Хотя у нас и нет возможности определить степень самостоятельного творчества Катулла в его стихотворениях 63, 64 и 66 и допустимо лишь высказывать предположения, вроде, например, того, что моралистическая концовка эпиллия о свадьбе Пелея и Фетиды принадлежит самому Катуллу, тем не менее во всех этих трех эпиллиях творческая сила римского поэта очевидна. Гений римского поэта ярко проявляется и в прекрасных гексаметрах "Брачной песни" (62), преодолевая "александринизм", за который Катулл впоследствии получил эпитет doctus (ученый). Этот эпиллий построен в форме переклички двух хоров - юношей и девушек - подруг невесты. "Черты греческой поэзии, отчасти восходящие к Сапфо (сравнение юной девушки с одинокой лозой), - говорит акад. М. М. Покровский, - искусно перемешиваются с некоторыми подробностями римского быта (ср., например, стих 49 сл. о древнеримской и современной итальянской манере прикреплять виноградную лозу к кустикам, особенно вяза, который таким образом становился как бы мужем лозы (ulmus marita); о следах умыкания невесты, сохранившихся в римском свадебном обряде; о предбрачном соглашении между родителями и пр.)"[3].
Связь этого эпиталамия с эпиталамиями Сапфо не может быть установлена за отсутствием у нас нужного материала для сравнения, но все-таки сапфический характер этого стихотворения Катулла несомненен, и можно предполагать, что Катулл использовал для своей "Брачной песни" и александрийскую и классическую греческую лирику.
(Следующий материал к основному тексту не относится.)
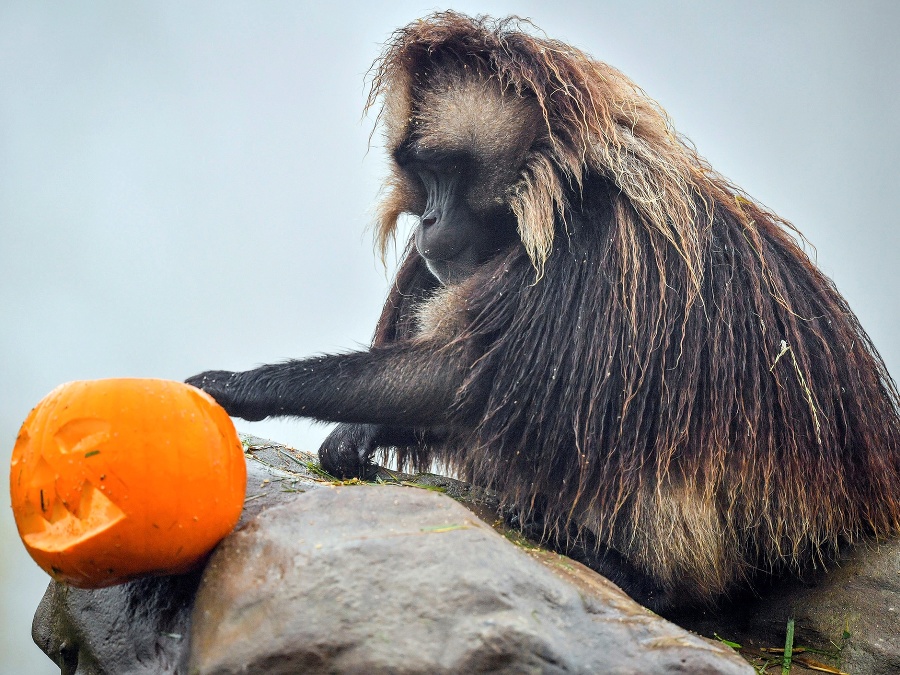 Príprava na Halloween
Александрийская "ученость" ясно видна и в римской лирике Катулла: в его свадебной песне в честь Манлия и Винии (61), содержание которой, однако, чисто римское и воспроизводит римские свадебные шутки; в послании к Аллию (68b), в которое вплетен миф о любви Лаодамии к Протесилаю и которое построено по сложной схеме, восходящей, быть может, к схеме Терпандровского нома[4]; в ряде стихотворений, посвященных Лесбии, и т. д. Но во всех этих произведениях талант Катулла заставляет забывать о каком-либо подражании; свои александрийские образцы Катулл использует только как удобный материал и всюду остается подлинным римским поэтом.
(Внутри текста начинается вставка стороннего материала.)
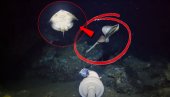 NOVA VRSTA? Snimio biće na morskom dnu - naučnici nemaju pojma ŠTA je ovo (VIDEO)
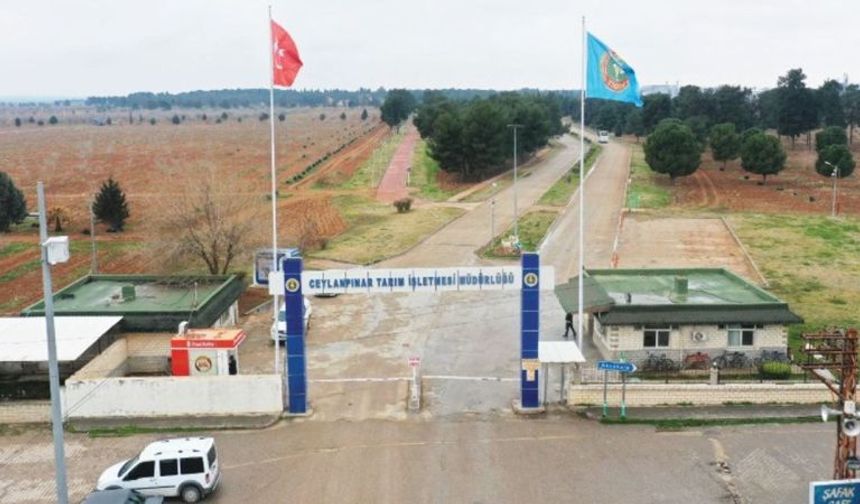 Ceylanpınar Tarım İşletmesi Müdürlüğü 2026 Yılı Giyecek İlanını Yayınladı: İşte Detaylar!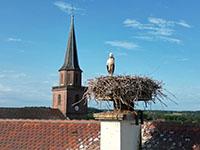 Balade en famille autour de Promenade ludique et familiale à Dannemarie dans le 68 - Haut-Rhin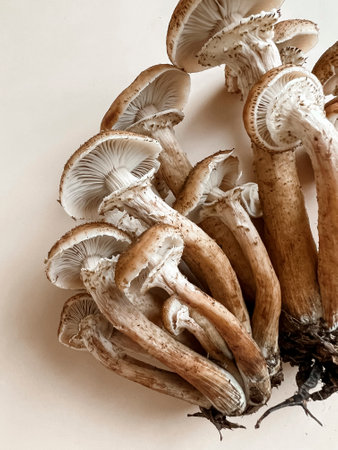Mushrooms of honey mushrooms with white caps lie on a beige background. The texture of mushrooms. Bed autumn still life. vertical photo.の写真素材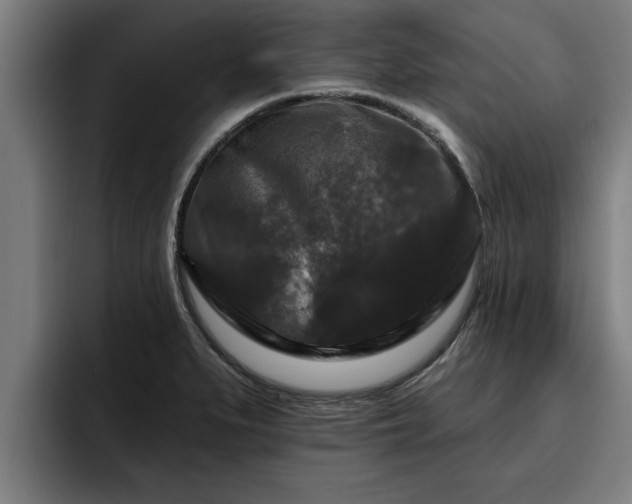 X0000094941279200712061224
Каллимах и поэты его школы были не только "учеными", но обращались в своем творчестве и к народной поэзии. То же мы находим и у Катулла. В его лирике видны свежие и живые источники народного творчества, подлинный италийский юмор. Как никто другой из римских поэтов, Катулл умел соединять трогательное и нежное с резким и грубым, не уступать в остроумии самому Плавту и быть в своей лирике всегда искренним и непосредственным, что так ценил Пушкин: "Для тех, которые любят Катулла, Грессета и Вольтера, - говорит он, - для тех, которые любят поэзию не только в ее лирических порывах или в унылом вдохновении элегии, не только в обширных созданиях драмы и эпопеи, но и в игривости шутки, и в забавах ума, вдохновенных ясной веселостию, для тех искренность драгоценна в поэте. Нам приятно видеть поэта во всех состояниях, изменениях его живой и творческой души: и в печали, и в радости, и в парениях восторга, и в отдохновении чувств - и в Ювенальном негодовании, и в маленькой досаде на скучного соседа" [5].
Все, что здесь говорит Пушкин, как нельзя лучше характеризует лирическую музу Катулла.
[1] «Rheinisches Museum», 1886, XXI, 498.
[2] В передаче на тоническую систему ритм этого размера (в схематической форме) таков;
Ударяет в бубен Аттис, || задыхаясь хрипло кричит.
См. Я. Денисов. Основания метрики у древних греков и римлян. М., 1888,· стр. 140 сл.
[3] История римской литературы, стр. 119 сл.
[4] См. Ф. Е. Корш. Указ. соч., стр. 25 сл.
[5] А. С. Пушкин. Полное собрание сочинений в десяти томах, т. 7. M. — Л, 1949, стр. 434–435. (Заметка о книге И. И. Дмитриева: «Путешествие N. N. в Париж и Лондон»).
Пушкину принадлежит перевод 27–го стихотворения Катулла. Стихотворение 62 пародировано в письме к Дельвигу от 20 февраля 1826 г.